Précarité, dépendance et obéissance

Le penchant avéré pour la violence n’est pas uniquement dû aux abus de la gente masculine puisque la croyance en la sorcellerie amplifie le phénomène et condamne à mort par le feu ou les coups toute femme soupçonnée de magie. La tradition patriarcale est donc devenue un prétexte à l’usage banalisé de la violence à l’encontre des femmes. Elle justifie tout type d’excès. La situation est telle que depuis 2010, la première cause de mortalité chez les femmes entre 15 et 49 ans est le suicide. Une « solution extrême » qui ressemble tristement à une fuite en avant, comme pour rompre l’isolement imposé par la loi du patriarcat. Une fois mariée, souvent de force et mineure, une femme seule ne peut revenir chez ses parents. Elle se doit donc d’obéir à son mari et de rester à ses côtés, ne serait-ce que pour des questions d’ordre financier. 

Premières victimes du chômage et de la pauvreté

Afin de rompre le cercle vicieux de la pauvreté et de la faim, nombreux sont les hommes qui décident de migrer vers l’Inde. Ces départs accentuent la solitude des femmes dans un monde d’hommes, et leur laisse le soin de nourrir l’ensemble de la famille. Sans moyens financiers, peu éduquées, les femmes ne peuvent subvenir seules à leurs besoins. L’autonomie des femmes est donc une des priorités des ONG présentes sur le terrain. C’est en permettant l’alphabétisation des femmes, l’accès aux soins médicaux et aux refuges que les femmes gagneront en sécurité et en autonomie. Derrière cette question se trouve la clé d’un développement durable axé sur le rôle des femmes dans la société, l’éducation et la généralisation des soins.

De fait, l’État a instauré un service policier réservé aux violences faites à l’encontre des femmes. Toutefois, peu d'entre elles osent porter plainte de peur d’être répudiées. Le poids de la tradition empêche en fait les femmes d'accéder à l'éducation et de défendre les droits humains. À cet égard, le Plan national d'action de l'UNESCO pour le Népal fixe comme objectif national la question de l'égalité des sexes dans l’accès à l'éducation. Les récents événements au Népal semblent cependant freiner l’ensemble des avancées. 

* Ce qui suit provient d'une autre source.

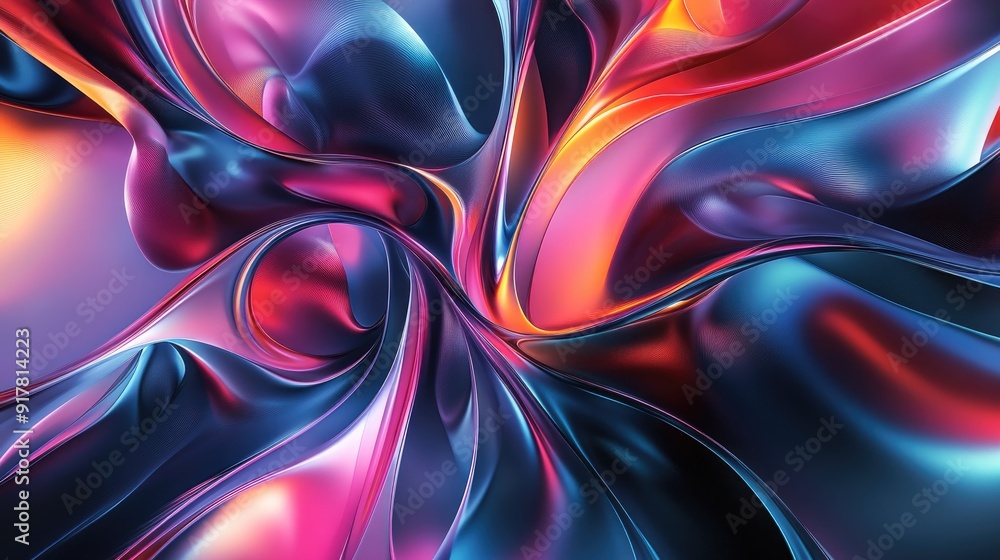 Poster multicolored shapes creating a mesmerizing repeating pattern of swirling curves and sharp angles, ra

Accroissement des risques avec le séisme

Au cœur de l’actualité, le Népal compte aujourd’hui plus de 8 000 victimes après le séisme de magnitude 7,9 du 25 avril dernier. Aujourd'hui, les priorités s'articulent autour de la reconstruction du pays et de la garantie d'un minimum de sécurité sanitaire. Les ONG sur place doivent donc se charger de mettre les femmes en sécurité. Si en temps normal, le travail des organisations non gouvernementales est en partie consacré à la lutte contre les discriminations de genre, leur énergie est aujourd’hui tournée vers la diminution des risques engendrés par le séisme. 

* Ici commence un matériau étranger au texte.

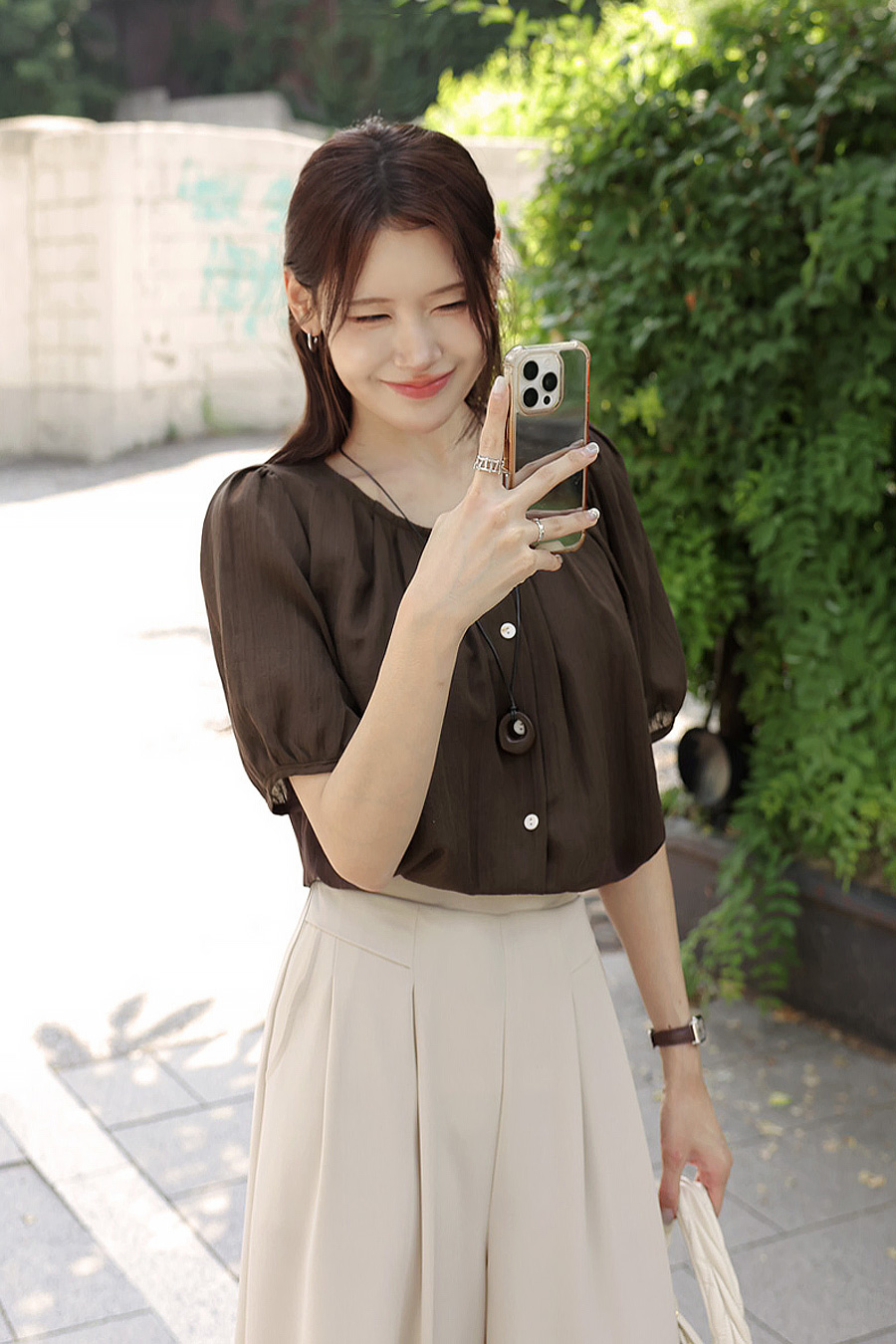 롬디즌 핀턱블라우스+목걸이SET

Les réseaux de trafics d’organes et de prostitution se sont développés à la suite du séisme. La catastrophe accentue donc la précarité, l'insécurité, l’isolement des femmes et des filles, qui, dépourvues de toit, de revenus financiers et d’avenir, constituent des cibles faciles. Selon Stéphanie Selle, directrice de l’ONG française Planète Enfants, entre 10 000 et 15 000 femmes sont vendues ou enlevées pour nourrir le trafic. Une situation d'insécurité qui inquiète les autorités. Conscient des risques encourus, l’État s’engage à protéger les populations vulnérables. Agences de sécurité et police sont alors déployées aux frontières pour éviter les trafics et les enlèvements. 

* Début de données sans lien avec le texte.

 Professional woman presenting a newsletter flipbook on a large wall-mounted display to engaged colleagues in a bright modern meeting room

Cette aide est la bienvenue pour la société civile, qui travaille également à l’amélioration des conditions de vie des femmes en apportant soins médicaux, assistance et denrées alimentaires. Mais les ONG peinent à atteindre les régions montagneuses et celles proches de l’épicentre du séisme, zones majoritairement peuplées de femmes et d’enfants. La population s'y trouve donc dépourvue de toute aide extérieure.